Print the data exactly as written, but leave out each picture.

──────── Data excerpt

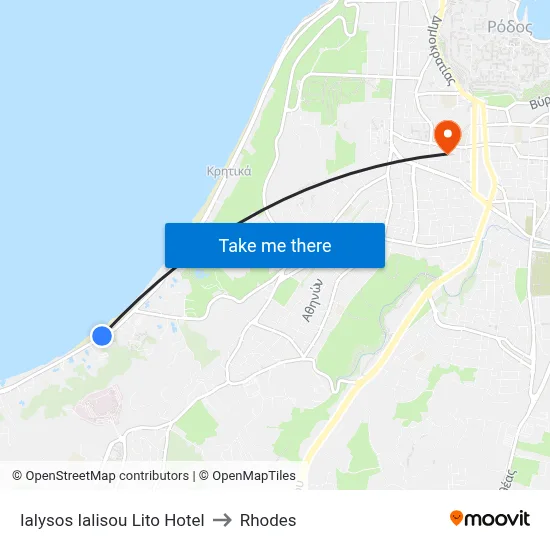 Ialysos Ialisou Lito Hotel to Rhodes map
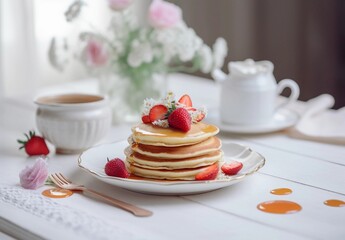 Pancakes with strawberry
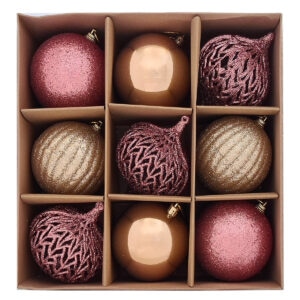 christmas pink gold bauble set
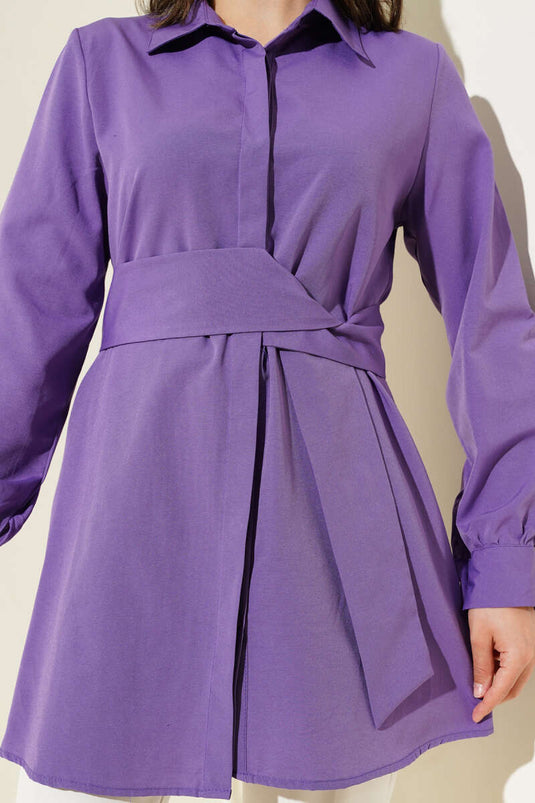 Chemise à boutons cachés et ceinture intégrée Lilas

────────────────

Written answer:
 Ialysos Ialisou Lito Hotel to Rhodes map
 Pancakes with strawberry
 christmas pink gold bauble set
 Chemise à boutons cachés et ceinture intégrée Lilas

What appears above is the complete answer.